In 2020, around the time when Apple blocked third-party cookies in Safari, Google insisted it would do the same thing. Four years later, Google has seemingly given up on blocking them.

A blog post from Google VP Anthony Chavez about the Privacy Sandbox published on Tuesday says that the plan is moving in a different direction.

“Instead of deprecating third-party cookies, we would introduce a new experience in Chrome that lets people make an informed choice that applies across their web browsing, and they’d be able to adjust that choice at any time,” writes Chavez. “We’re discussing this new path with regulators, and will engage with the industry as we roll this out.”

The post explains that Google received feedback from many different parties, including the UK’s Competition and Markets Authority and Information Commissioner’s Office, as well as online publishers and standards groups. The feedback helped Google make solutions for a “competitive and thriving marketplace” and encouraged the use of privacy-enhancing technologies.

Privacy Sandbox, Google’s APIs as part of its privacy plan, were apparently promising in testing, with the potential to improve as more in the industry adopted their use. However, this also meant “significant work” was needed by many participants, and that it would impact online publishers and the online advertising market in general.

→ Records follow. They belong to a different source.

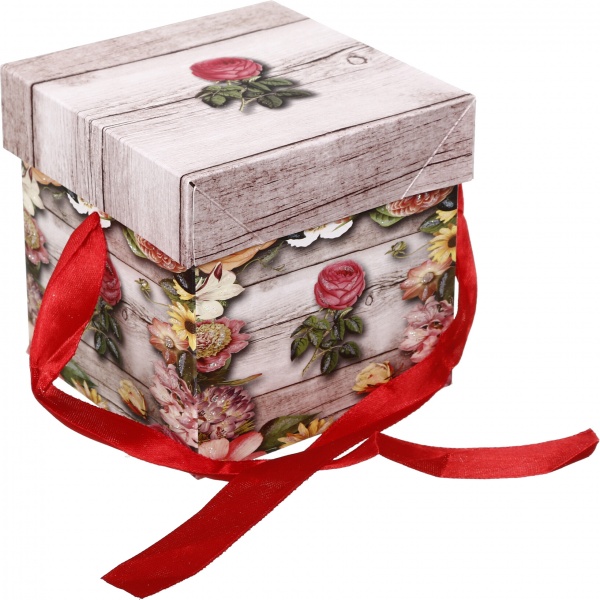 Коробка складная Цветы/сердца 10,8x10,8x10,8 см (EBXSS9850)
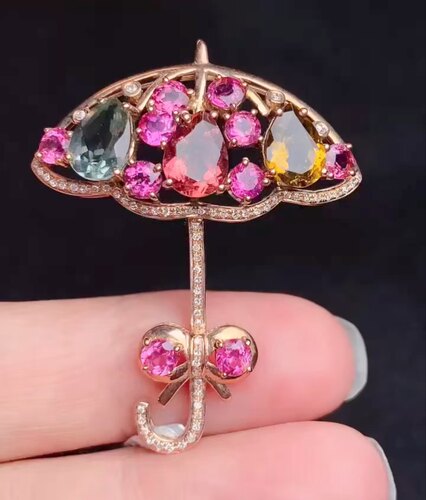 18K金糖果色碧玺小雨伞吊坠主石5.92ct+总重5.58g+钻石70粒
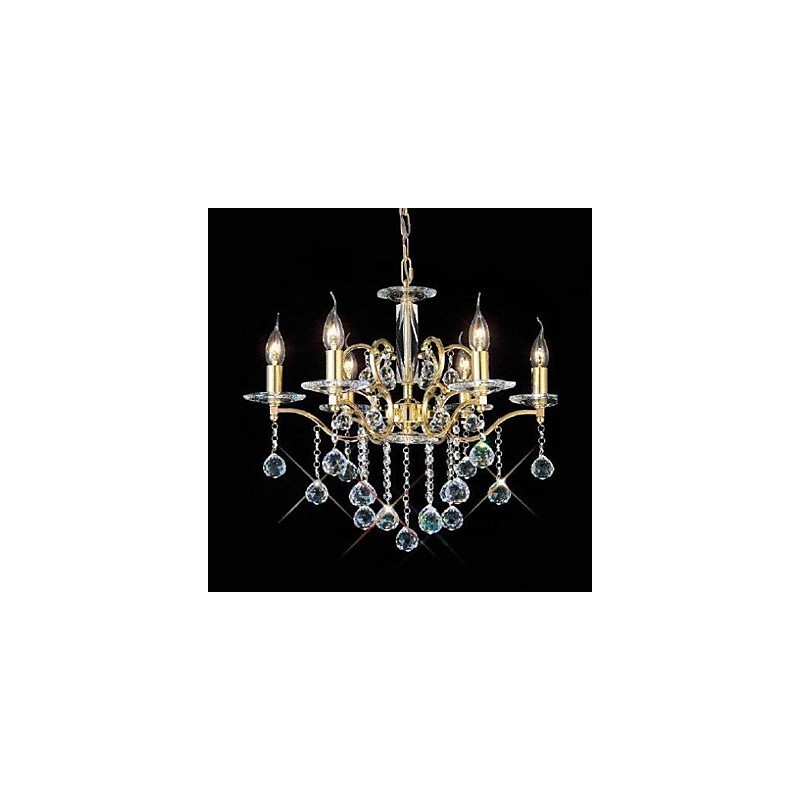 Lampadario classico in cristallo e metallo oro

Commenting on Google’s cookie change of heart, Stephen Bonner of the UK’s ICO told BBC News “It has been our view that blocking third-party cookies would be a positive step for consumers. The new plan set out by Google is a significant change and we will reflect on this new course of action when more detail is available.”

Google’s intentions for Privacy Sandbox, which was meant to block third-party cookies, had trouble from the outset. A year after starting work on it, Google said that the initiative would have to be delayed since “more time is needed across the ecosystem to get this right.”

By 2022, Google gave up on a plan called FLoC, or a Federated Learning of Cohorts. Rather than cookies, an in-browser algorithm would analyze the user’s browsing history to work out their “interest cohort.”

The idea would put the user into a group of thousands of people with similar interests, who would be targeted en masse by advertisers instead of individually.

That same year, rival browser Firefox joined Safari in controlling cross-site browser cookies, under a feature called “Total Cookie Protection.” The change meant yet another browser had beaten Chrome to the cookie punch.

Google also faced intense pressure from the advertising industry over the plan. In January 2022, a group of publishers and advertisers in Germany complained to the EU competition chief to investigate Google’s cookie-blocking proposal.

“Google must respect the relationship between publishers and users without interfering,” the complaint read.

While the old plan of blocking third-party cookies is now dead, it remains to be seen exactly what Google’s new plan for Chrome will be. Whatever it turns out to be, it’s almost certain there will be pushback from an industry keen to know everything about their advertising audiences.